Em Mt 16,18, Jesus construirá sua igreja sobre a rocha, ou seja, a fé firme de Simão Pedro (mesma palavra grega: Pedro=pedra=rocha), e “as portas do inferno nunca prevalecerão sobre ela”. Outro apóstolo, Paulo, interpretou a rocha de onde saiu água ser o próprio Cristo (1Cor 10,4 referindo-se a Ex 17,5-6; Nm 20,7-11). Para Mt, o importante é que estas palavras de Jesus nos ensinam a praticar (lit. “fazer”) a Lei e os mandamentos interpretados por Jesus neste sermão em vista de uma justiça maior (vv. 24.26; cf. 5,19-20; 28,20).

Quando Jesus acabou de dizer estas palavras, as multidões ficaram admiradas com seu ensinamento. De fato, ele as ensinava como quem tem autoridade e não como os mestres da lei (vv. 28-29).

Mt termina o primeiro dos cinco discursos de Jesus no seu evangelho com a reação do povo: Mais do que no início, salienta aqui que o povo todo é ouvinte deste sermão, não são apenas os discípulos (5,2), mas “as multidões” (v. 28). Está errado, portanto, a introdução que a liturgia costuma fazer no início do evangelho de hoje (e nos dias passados): “Naquele tempo, disse Jesus aos seus discípulos: …” Na montanha como novo Moisés (cf. Ex 19-34), Jesus apresenta sua versão da lei ao povo todo, e seu conteúdo se dirige aos todos os discípulos em potencial.

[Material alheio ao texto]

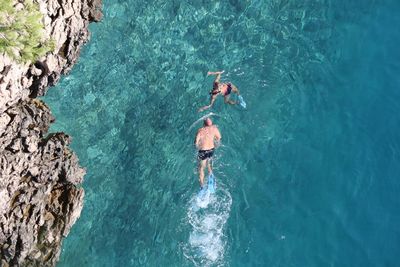 High angle view of people swimming in sea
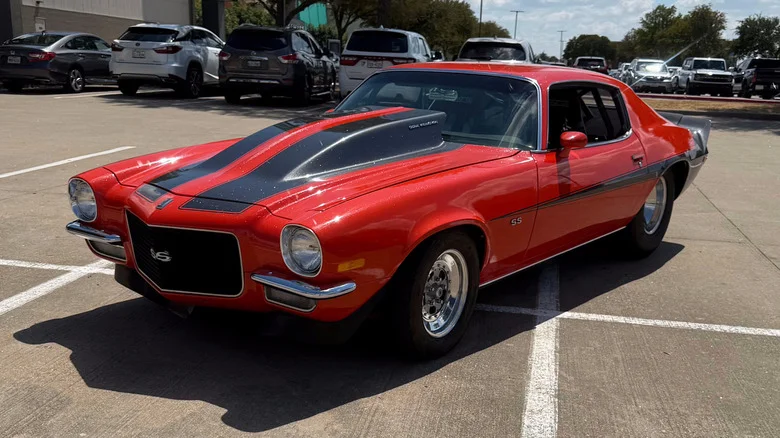 A Hugger Orange and black 1970 Chevrolet Camaro RS Custom listed by Mecum Auctions.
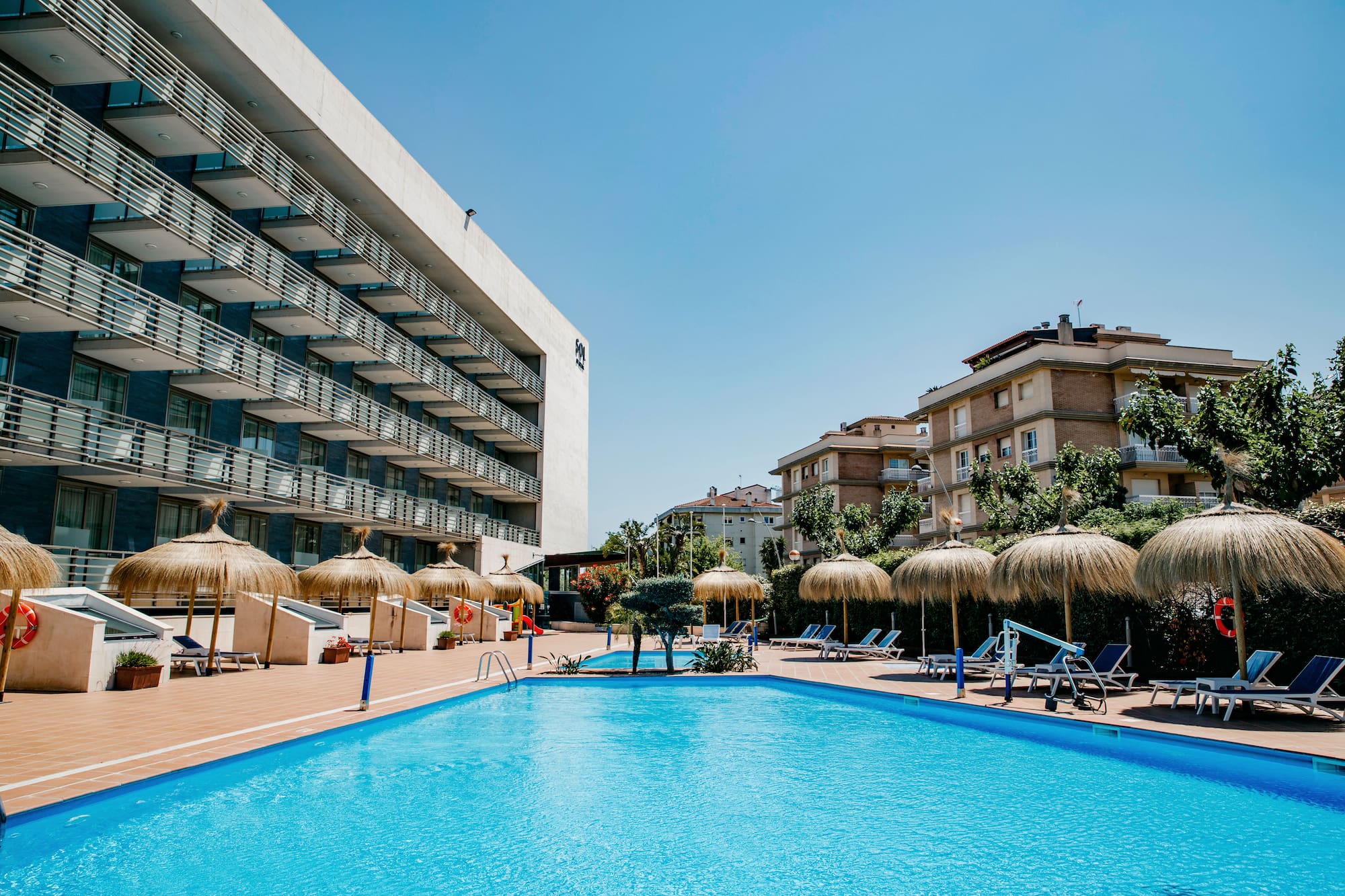 a pool with umbrellas and chairs in front of a building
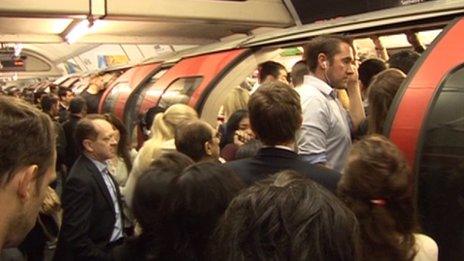 People struggling to get on a Central Line train on Tuesday morning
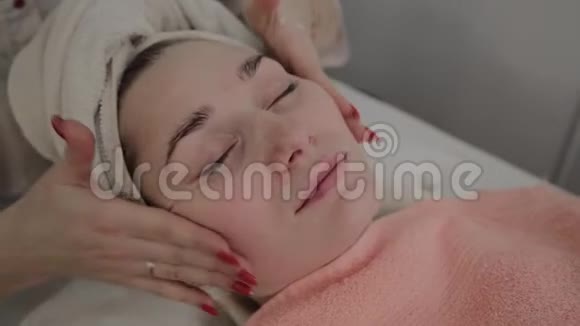 一位专业的美容师在敷面膜之前做面部按摩美容学的新概念视频的预览图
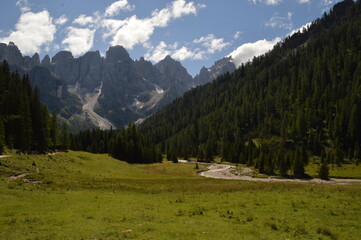 Fototapeta na wymiar Hiking and climbing in the stunning valleys and mountains of Val di Fiemme in the Dolomites, Italy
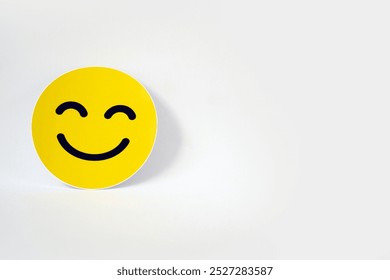 Yellow smiley face sticker. A smiling face is a symbol of happiness and positivity, conveying a sense of joy and optimism. - Powered by Shutterstock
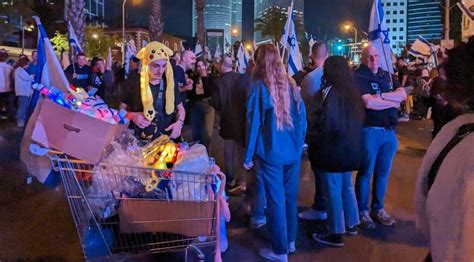 As Israel turns 75, its flag takes on new meaning at protests – J.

A autoridade de Jesus não se apoia em citações de doutores fariseus, não progride por casuística sutil; expõe com limpidez e exige sem concessões, não se baseia em tradições ou sistemas, e sim na sua própria pessoa. Ele vive praticando o que ensina aos outros. Sobre a admiração do povo que considera o ensinamento de Jesus diferente dos doutros da lei (v. 29), Mt já leu em Mc 1,22.27p como reação do povo na sinagoga de Cafarnaum. Mt a copia e transfere para o final do primeiro discurso de Jesus, mas sem relatar o exorcismo nesta sinagoga (que poderia causar um mal-estar para seus ouvintes judeu-cristãos: um espírito impuro na sinagoga?!), continuando depois com outras curas (cf. evangelho de amanhã).